Third, we recognized the pressing need to document the important uses of digitized specimen data in its various forms, partly to help institutions obtain funding for digitization and partly to demonstrate the value of data aggregation. Some documented examples already exist, notably in NIBA documents and published papers. Annotated compilations of these references and citations are important, as are explorations of new emphases, such as extracting trait data and other information from specimen images.

Fourth, attendees agreed to produce and publish a series of papers, the first to be in a high profile journal and focused on the importance of global collaboration for biodiversity digitization and data mobilization, the remainder in a special edition of another journal and focused on developing and sharing tools for enhancing digitization, biodiversity research utilizing digital data, greater coordination between iDigBio, Smithsonian, and ALA, strategies for encouraging citizen science and public participation, issues related to sustainability, delineation of research questions, and the coordination of access to internationally applicable digitization and research workflows.

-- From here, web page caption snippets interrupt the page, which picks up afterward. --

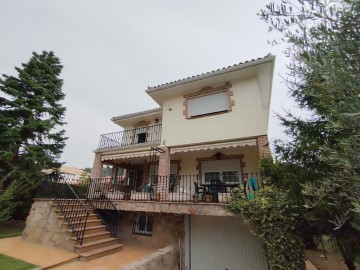 House 5 Bedrooms in Navahuerta y Las Tejoneras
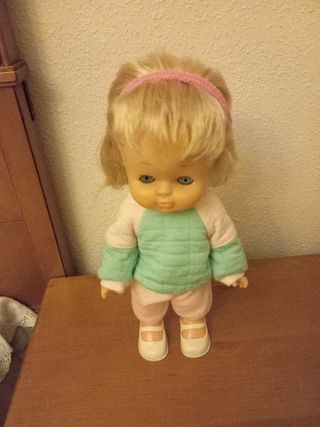 Muñeca antigua Nuri de FAMOSA  Rebajada a 8€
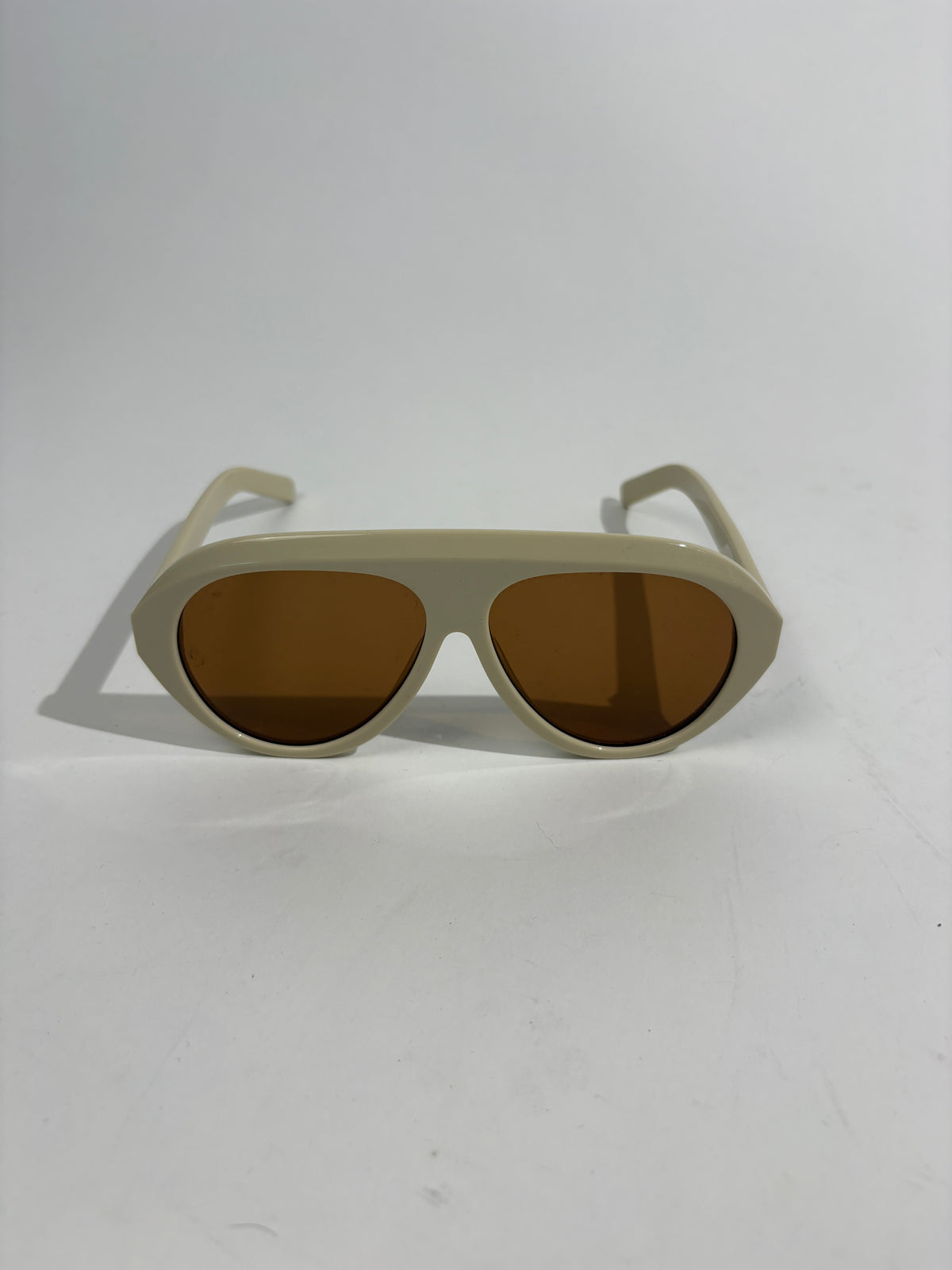 Past Midnight Cream The Icon Sunglasses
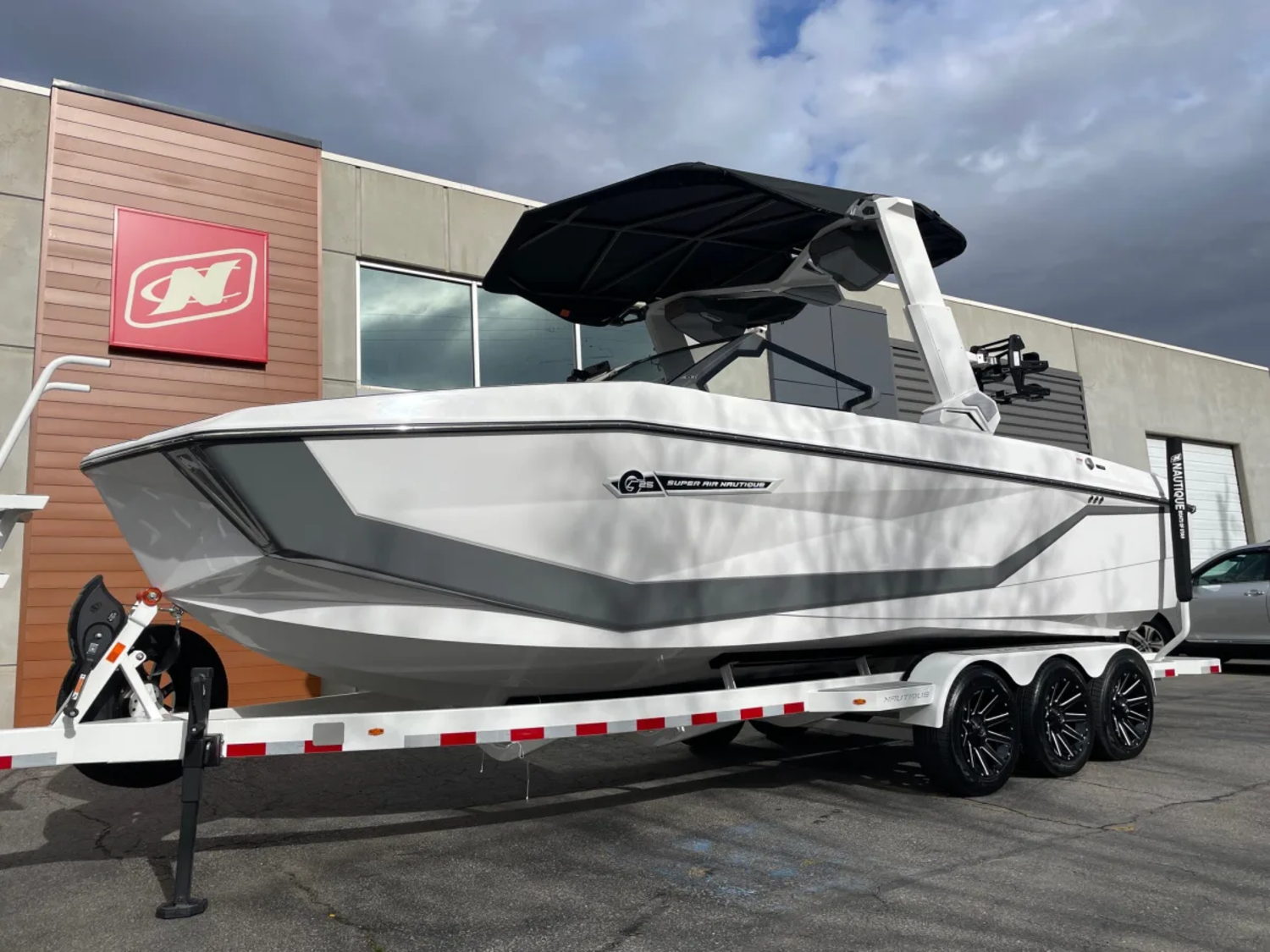 2026 NAUTIQUE G25 W/ZZ8S 630HP SUPERCHARGED POWER PLANT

Fifth, workshop participants agreed to form the nucleus of a potentially worldwide consortium of leading digitizing institutions and aggregators to share knowledge, methods, and strategies for enhancing global accessibility of biodiversity collections data. Areas of concentration would include methods for demonstrating to governments the value of biodiversity and, consequently, the value of digitization of biodiversity information. Current plans call for a 2016 meeting in China to formalize a charter. Potential products from the Australia and China meetings include a global strategic plan for digitization of collections, initiation and oversight of activities to demonstrate capabilities, solidification of the willingness to work together and demonstrate benefits, exploration of how research uses of digital data might stimulate global engagement, and an outline of strategies for linking individual goals in fundable ways.